Les Mikesell wrote:
carlopmart wrote:
Les Mikesell wrote:
carlopmart wrote:
Lars Hecking wrote:
options { directory "/var/named"; dump-file "/var/named/data/cache_dump.db"; statistics-file "/var/named/data/named_stats.txt"; memstatistics-file "/var/named/data/named_mem_stats.txt"; listen-on port 53 { 127.0.0.1; 172.25.50.10; }; version "DNS Server v2.0"; dnssec-enable no; query-source port 53; forwarders { 208.67.220.220; 208.67.222.222; }; };
As you can see, I need to use "query-source port" param too with forwarders to resolv names (and this is really really ugly).
Explicit query-source port breaks port randomisation and is highly insecure.

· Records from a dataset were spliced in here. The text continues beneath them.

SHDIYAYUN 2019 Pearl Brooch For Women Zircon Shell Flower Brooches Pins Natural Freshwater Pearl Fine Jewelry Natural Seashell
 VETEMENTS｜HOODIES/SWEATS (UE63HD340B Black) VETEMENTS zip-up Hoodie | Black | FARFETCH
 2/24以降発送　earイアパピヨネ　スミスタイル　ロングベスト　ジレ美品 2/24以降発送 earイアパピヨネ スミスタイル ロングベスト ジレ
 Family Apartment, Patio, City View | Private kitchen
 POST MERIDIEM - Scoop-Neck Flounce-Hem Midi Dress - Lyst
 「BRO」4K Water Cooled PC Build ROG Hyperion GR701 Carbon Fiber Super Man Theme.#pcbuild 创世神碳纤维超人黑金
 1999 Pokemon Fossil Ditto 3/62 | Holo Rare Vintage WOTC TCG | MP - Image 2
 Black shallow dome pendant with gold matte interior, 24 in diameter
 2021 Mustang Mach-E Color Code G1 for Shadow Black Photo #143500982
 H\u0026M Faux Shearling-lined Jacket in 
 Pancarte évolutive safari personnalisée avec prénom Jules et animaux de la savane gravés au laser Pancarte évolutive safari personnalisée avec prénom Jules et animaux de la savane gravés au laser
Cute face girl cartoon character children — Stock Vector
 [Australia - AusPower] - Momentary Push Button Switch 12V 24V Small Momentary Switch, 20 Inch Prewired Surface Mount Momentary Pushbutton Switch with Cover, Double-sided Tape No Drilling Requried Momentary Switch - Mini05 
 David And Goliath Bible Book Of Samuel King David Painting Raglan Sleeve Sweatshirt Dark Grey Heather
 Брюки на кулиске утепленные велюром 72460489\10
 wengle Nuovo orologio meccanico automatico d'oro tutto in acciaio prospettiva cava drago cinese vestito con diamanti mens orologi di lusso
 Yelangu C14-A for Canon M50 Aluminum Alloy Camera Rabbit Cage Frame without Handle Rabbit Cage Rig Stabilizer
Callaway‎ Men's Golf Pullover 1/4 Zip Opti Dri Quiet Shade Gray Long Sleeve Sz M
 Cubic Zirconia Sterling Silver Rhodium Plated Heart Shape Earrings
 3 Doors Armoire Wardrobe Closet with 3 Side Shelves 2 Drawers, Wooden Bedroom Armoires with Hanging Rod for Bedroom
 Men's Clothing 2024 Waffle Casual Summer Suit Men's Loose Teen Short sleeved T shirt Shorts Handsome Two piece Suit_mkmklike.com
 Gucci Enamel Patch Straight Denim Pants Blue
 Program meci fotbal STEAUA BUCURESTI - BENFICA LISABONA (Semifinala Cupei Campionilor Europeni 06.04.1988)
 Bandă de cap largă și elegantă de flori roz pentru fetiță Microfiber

Your problem may be an incorrectly configured firewall that only accepts outgoing queries originating from source port 53 - it needs to accept all outgoing queries for destination port 53.
Thanks lars. Correctly, firewall could be the problem, but it isn't. Because Ubuntu and Windows 2003/2008 doesn't have problems with it ... and resolves perfectly ... And I don't have configured this firewall to accept dns queries originating from source port 53 ...
What does 'dig' show about your access to the root servers without forwarders and with and without forcing the query-source port? Compare it to the Ubuntu system. Maybe there's something wrong with the root hints file - or maybe your border firewall is blocking all udp to this box but permitting it to the DNS servers that work.
Thanks Les, but I have checked it before post this problem. Ubuntu and CentOS have the same file to do querys to root servers ...
And the results of 'dig' on each?
I have find a temporary solution: reduce the MTU on CentOS server (1440) ...I need to investigate why centOS loses some packages and ubuntu doesn't ....
Are you routing through tunnels?
No, all hosts (firewall and CentOS DNS server) are connected to GByte network.